-- Given records follows --
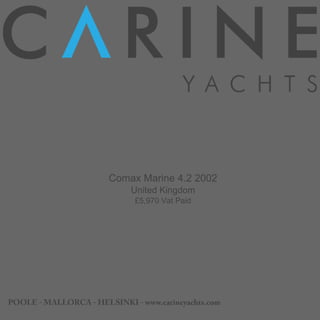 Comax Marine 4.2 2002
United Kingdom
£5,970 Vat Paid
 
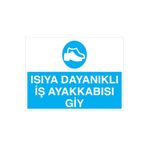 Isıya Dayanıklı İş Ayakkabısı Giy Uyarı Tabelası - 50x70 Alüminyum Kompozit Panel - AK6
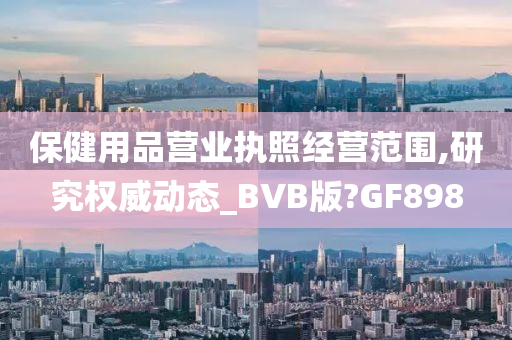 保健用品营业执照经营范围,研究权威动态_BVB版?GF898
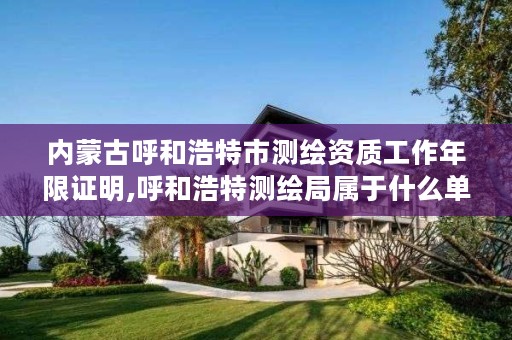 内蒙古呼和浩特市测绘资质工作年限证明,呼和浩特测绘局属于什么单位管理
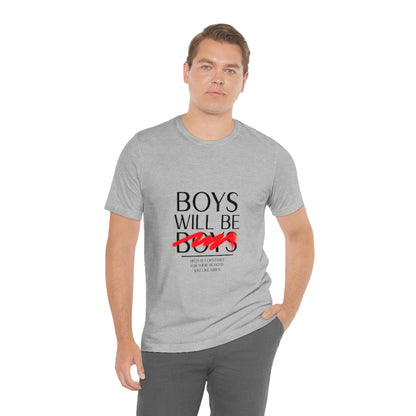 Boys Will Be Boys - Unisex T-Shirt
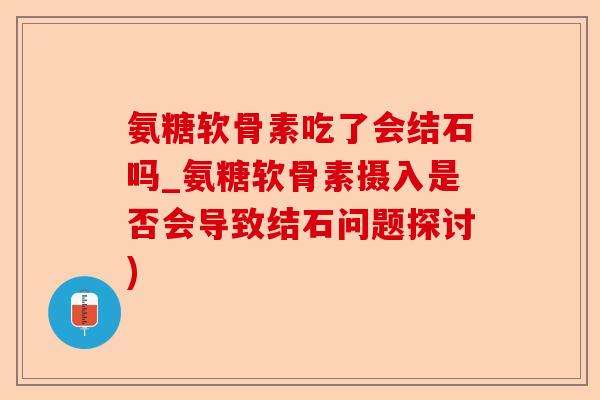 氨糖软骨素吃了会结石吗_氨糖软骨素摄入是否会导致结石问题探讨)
-- Given records concluded --
The output should consist of the records above, reproduced exactly, without pictures.

Response =
 Comax Marine 4.2 2002
United Kingdom
£5,970 Vat Paid
 
 Isıya Dayanıklı İş Ayakkabısı Giy Uyarı Tabelası - 50x70 Alüminyum Kompozit Panel - AK6
 保健用品营业执照经营范围,研究权威动态_BVB版?GF898
 内蒙古呼和浩特市测绘资质工作年限证明,呼和浩特测绘局属于什么单位管理
 Boys Will Be Boys - Unisex T-Shirt
 氨糖软骨素吃了会结石吗_氨糖软骨素摄入是否会导致结石问题探讨)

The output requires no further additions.